[SUPPLIED RECORDS]

== == ==

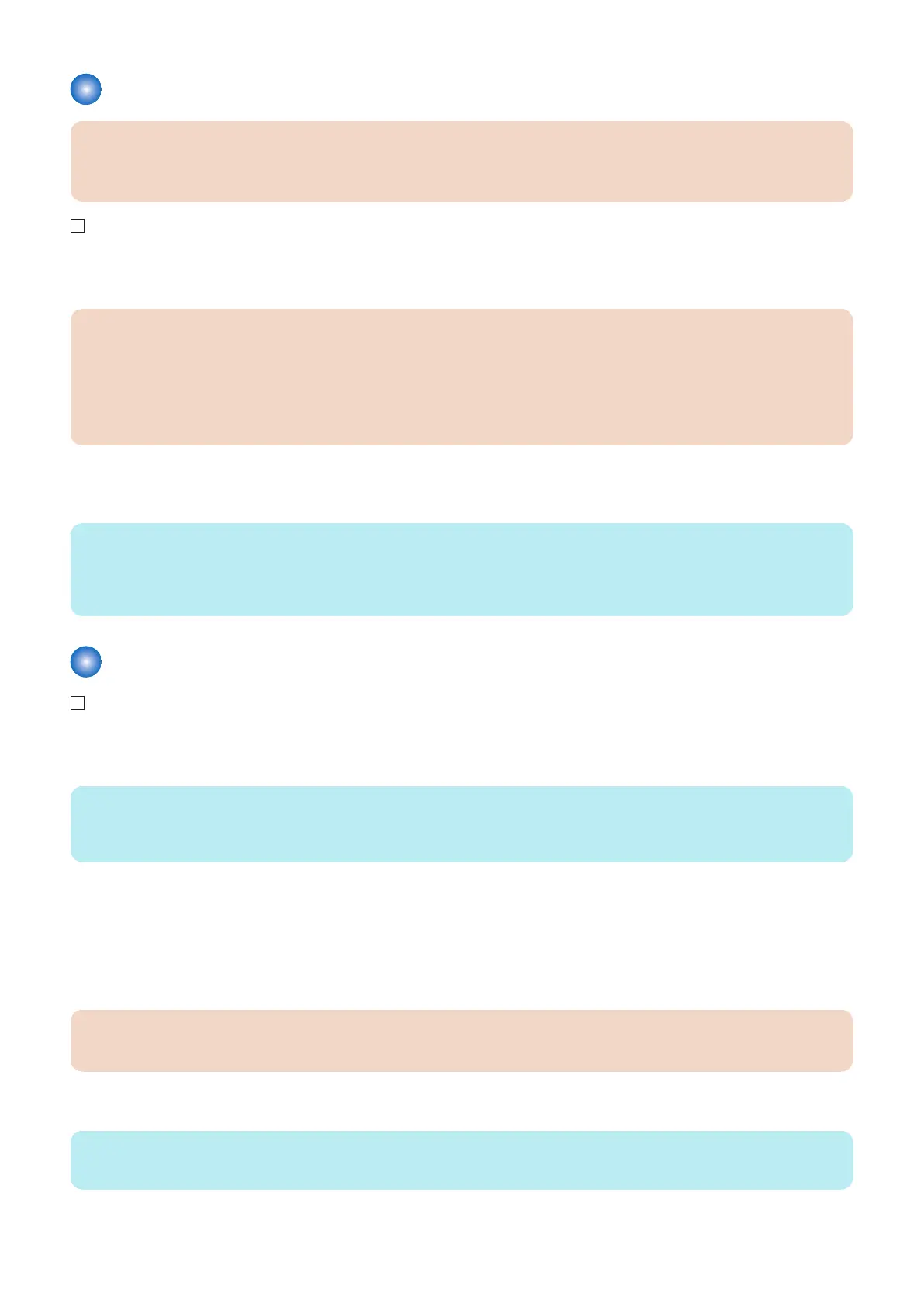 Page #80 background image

== == ==

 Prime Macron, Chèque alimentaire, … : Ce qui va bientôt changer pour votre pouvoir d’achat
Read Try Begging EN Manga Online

== == ==

Please copy the lines in the records above between the one holding "Prime Macron, Chèque" and the one holding "Read Try Begging EN Manga Online", inclusive, exactly and with no other line.

[ANSWER TO THE EXERCISE]
 Prime Macron, Chèque alimentaire, … : Ce qui va bientôt changer pour votre pouvoir d’achat
Read Try Begging EN Manga Online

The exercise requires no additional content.